At Holland, Weingarten met with educators and students from both schools. The students received free books and supplies through the Essentials for Kids Fund, a partnership that includes the AFT, First Book and the Barbara Bush Houston Literacy Foundation. The fund was set up to provide books and supplies to educators, students and schools following the hurricane.
"The first question we asked is, 'What can we do? ' " said Weingarten. "A union is a family, and we are doing what we can to help educators and students deal with the impact of Hurricane Harvey."
"I'm proud that we're playing a small role in helping bring resources together to teachers who have been affected in their classrooms by a loss of materials and supplies," said Neil Bush (the son of Barbara and George Bush), who attended the giveaway, along with Houston schools superintendent Richard Carranza and Kyle Zimmer of First Book.
"To know that you all are providing books for us is amazing," said Michelle Collins, a fifth-grade teacher at Robinson. Being displaced from her school has been challenging, especially since all of her books were lost to the hurricane, she said. "I'm excited because the students actually have something that's on their reading level and interest to read, so it's making my job easier and bringing joy to the kids to be able to read books again."

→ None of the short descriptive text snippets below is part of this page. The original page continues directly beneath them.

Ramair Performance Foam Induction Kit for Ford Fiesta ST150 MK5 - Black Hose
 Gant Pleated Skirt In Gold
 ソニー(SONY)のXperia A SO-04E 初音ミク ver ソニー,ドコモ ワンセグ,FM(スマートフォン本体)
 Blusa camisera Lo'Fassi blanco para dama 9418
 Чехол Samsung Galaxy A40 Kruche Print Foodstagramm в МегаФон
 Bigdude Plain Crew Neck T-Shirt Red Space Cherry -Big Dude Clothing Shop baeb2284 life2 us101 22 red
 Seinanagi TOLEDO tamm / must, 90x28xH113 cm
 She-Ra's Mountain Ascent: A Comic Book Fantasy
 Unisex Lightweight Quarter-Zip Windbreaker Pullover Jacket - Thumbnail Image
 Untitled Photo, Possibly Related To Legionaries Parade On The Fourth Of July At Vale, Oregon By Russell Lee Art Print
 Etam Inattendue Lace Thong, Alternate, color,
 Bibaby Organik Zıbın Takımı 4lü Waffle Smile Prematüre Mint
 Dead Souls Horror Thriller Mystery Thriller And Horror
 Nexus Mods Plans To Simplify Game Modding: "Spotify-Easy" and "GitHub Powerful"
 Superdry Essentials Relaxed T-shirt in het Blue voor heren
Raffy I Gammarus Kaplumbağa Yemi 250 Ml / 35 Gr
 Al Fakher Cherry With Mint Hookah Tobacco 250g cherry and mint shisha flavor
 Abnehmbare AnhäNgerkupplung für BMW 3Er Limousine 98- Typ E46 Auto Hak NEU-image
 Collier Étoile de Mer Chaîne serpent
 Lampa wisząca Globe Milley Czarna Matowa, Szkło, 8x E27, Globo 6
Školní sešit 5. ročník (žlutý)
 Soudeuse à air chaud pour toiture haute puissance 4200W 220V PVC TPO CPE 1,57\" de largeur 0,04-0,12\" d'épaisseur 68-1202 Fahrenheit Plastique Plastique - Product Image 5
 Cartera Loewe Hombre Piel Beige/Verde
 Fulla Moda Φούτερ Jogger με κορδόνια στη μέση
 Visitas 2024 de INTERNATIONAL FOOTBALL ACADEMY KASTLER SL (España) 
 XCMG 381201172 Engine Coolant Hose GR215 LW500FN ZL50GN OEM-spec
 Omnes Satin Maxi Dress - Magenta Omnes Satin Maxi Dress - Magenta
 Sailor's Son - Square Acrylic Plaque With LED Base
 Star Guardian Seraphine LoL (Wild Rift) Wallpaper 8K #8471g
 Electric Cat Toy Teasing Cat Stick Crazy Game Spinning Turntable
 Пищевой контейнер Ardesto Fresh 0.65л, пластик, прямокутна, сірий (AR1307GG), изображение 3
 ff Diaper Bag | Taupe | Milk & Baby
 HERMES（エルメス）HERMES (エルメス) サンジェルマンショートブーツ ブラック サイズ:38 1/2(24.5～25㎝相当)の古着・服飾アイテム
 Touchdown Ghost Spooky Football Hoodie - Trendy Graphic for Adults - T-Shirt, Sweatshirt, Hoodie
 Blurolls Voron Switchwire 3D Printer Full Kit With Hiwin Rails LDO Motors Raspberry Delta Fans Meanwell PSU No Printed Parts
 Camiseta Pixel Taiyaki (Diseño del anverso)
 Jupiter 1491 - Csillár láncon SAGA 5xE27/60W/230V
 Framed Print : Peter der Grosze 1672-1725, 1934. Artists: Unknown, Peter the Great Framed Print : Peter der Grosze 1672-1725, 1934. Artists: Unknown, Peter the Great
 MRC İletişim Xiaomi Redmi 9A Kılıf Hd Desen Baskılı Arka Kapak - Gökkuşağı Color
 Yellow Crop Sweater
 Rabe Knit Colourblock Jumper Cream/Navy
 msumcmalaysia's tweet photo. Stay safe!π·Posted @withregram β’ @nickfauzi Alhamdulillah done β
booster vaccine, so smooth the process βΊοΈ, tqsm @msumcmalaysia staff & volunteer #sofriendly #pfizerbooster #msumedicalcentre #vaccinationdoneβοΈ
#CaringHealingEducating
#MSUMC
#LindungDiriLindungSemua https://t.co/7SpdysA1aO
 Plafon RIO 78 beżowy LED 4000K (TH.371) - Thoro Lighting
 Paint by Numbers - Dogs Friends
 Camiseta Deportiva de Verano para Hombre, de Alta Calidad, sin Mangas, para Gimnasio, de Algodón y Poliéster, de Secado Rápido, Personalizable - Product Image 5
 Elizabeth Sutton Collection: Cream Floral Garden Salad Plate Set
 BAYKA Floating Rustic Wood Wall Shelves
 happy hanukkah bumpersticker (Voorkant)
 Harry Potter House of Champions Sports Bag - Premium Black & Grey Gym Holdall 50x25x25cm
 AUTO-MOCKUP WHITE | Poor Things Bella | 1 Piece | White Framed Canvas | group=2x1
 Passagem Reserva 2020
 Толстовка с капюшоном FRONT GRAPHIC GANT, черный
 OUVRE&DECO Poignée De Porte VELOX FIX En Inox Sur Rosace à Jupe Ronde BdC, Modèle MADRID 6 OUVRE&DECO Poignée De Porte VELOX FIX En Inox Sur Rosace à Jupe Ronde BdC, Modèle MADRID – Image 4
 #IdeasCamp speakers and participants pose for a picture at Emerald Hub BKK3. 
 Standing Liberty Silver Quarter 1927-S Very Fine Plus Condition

Cleanup continues in Houston communities, and Weingarten was able to meet with teachers who were displaced and union members who are volunteering with the cleanup and rebuilding efforts.
"Harvey took a toll on many of our members, but Houston is strong and we'll bounce back," said Houston Federation of Teachers President Zeph Capo, who is an AFT vice president. "We've identified 1,200 of our members who were impacted by the storm, and we're getting resources to them and helping them get access to things they need to start rebuilding their lives and move forward."
Union members are not only helping with cleanup, but many are also stepping up in other ways. In her recent column, "The everyday heroes of the hurricanes," Weingarten points to Kristen McClintock, a special education teacher at Houston's Westside High School and HFT member as a great example of this. McClintock and her colleagues organized 150 teachers to go into shelters after the storm to provide a place that was safe, quiet and calm to help students regain a sense of normalcy. The teachers provided toys and noise-reducing headphones to help children cope.
"Being in a shelter is chaotic enough on its own," said McClintock, who noted that she was specially seeking out children who might have disabilities or challenges.
As Weingarten's visit came to a close, her message to teachers and volunteers was clear: "We are here to say that we stand with you, we are here for you, and we will continue to be by your side as you recover and rebuild. That's who we are as educators and union members."